La Germania deve ancora dei soldi a quasi tutti dopo la partenza: un rimborso fiscale, la cauzione, l'ultima busta paga, a volte i contributi pensionistici. Tutto questo deve atterrare da qualche parte, ed è per questo che chiudere il conto tedesco mentre parti è il tipo di ordine che costa caro.

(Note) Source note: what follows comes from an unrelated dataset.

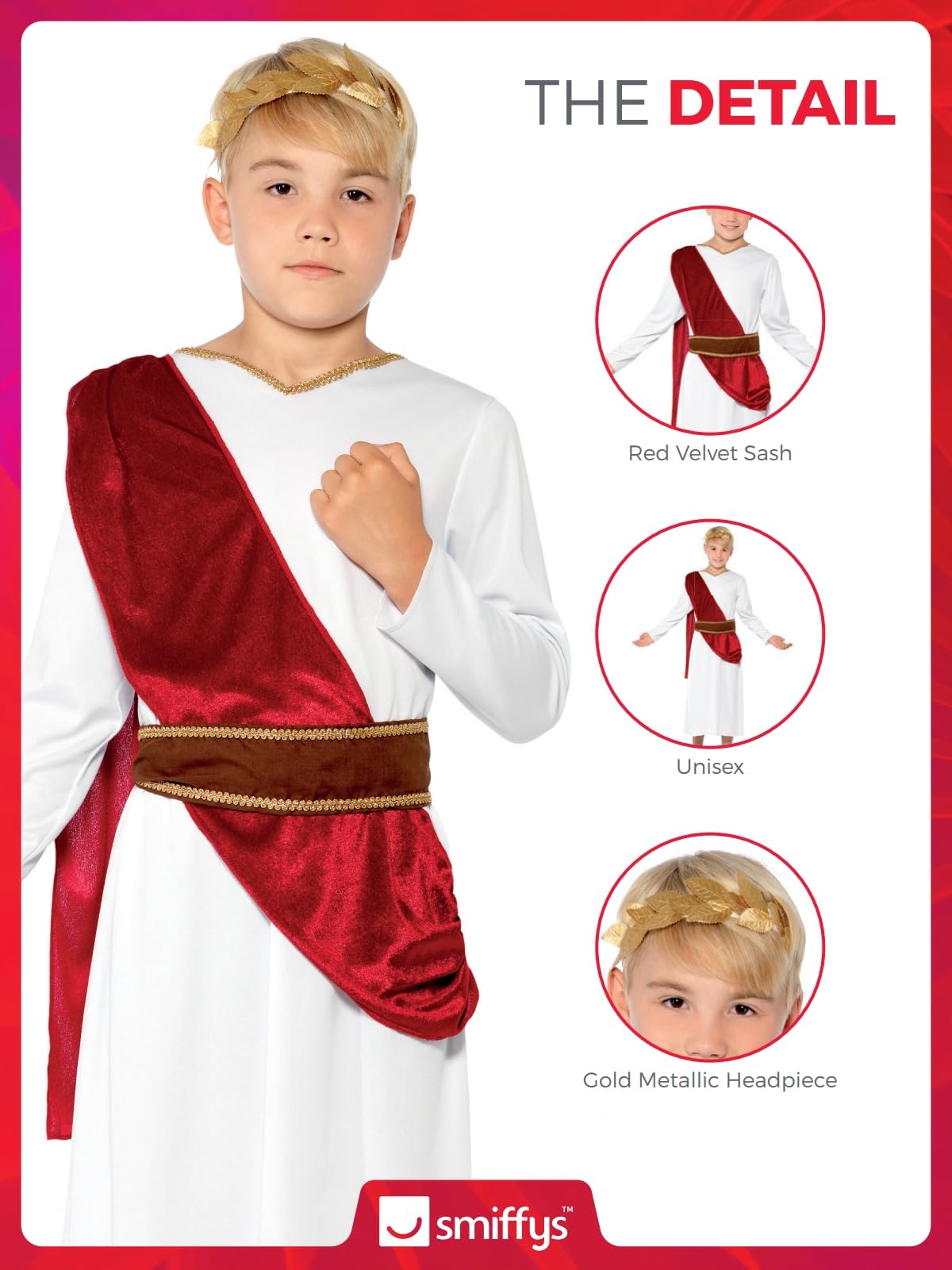 Smiffys Child Roman Boy Fancy Dress Costume with Robe, Belt, and Headpiece 5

Questa guida spiega quali conti sopravvivono a un indirizzo estero, cosa finisce automaticamente con la cancellazione anagrafica e cosa continua ad addebitarti finché non lo fermi, cosa succede alla copertura sanitaria il giorno della partenza e in che ordine gli ultimi pagamenti arrivano a te invece di tornare a un ufficio tedesco.

Oliver
Oliver, broker autorizzato §34d
"

« L'errore è trattare il conto come l'appartamento: lo riconsegni e hai finito. Due mesi dopo il Finanzamt vuole versare una cifra a quattro zeri, l'ente pensionistico chiede un IBAN e la persona è a Buenos Aires senza un conto tedesco. Tieni il conto aperto finché non è arrivato l'ultimo pagamento, poi chiudilo. »

1. Perché tieni un conto

Diversi pagamenti arrivano dopo la tua partenza, e i loro tempi non li decidi tu.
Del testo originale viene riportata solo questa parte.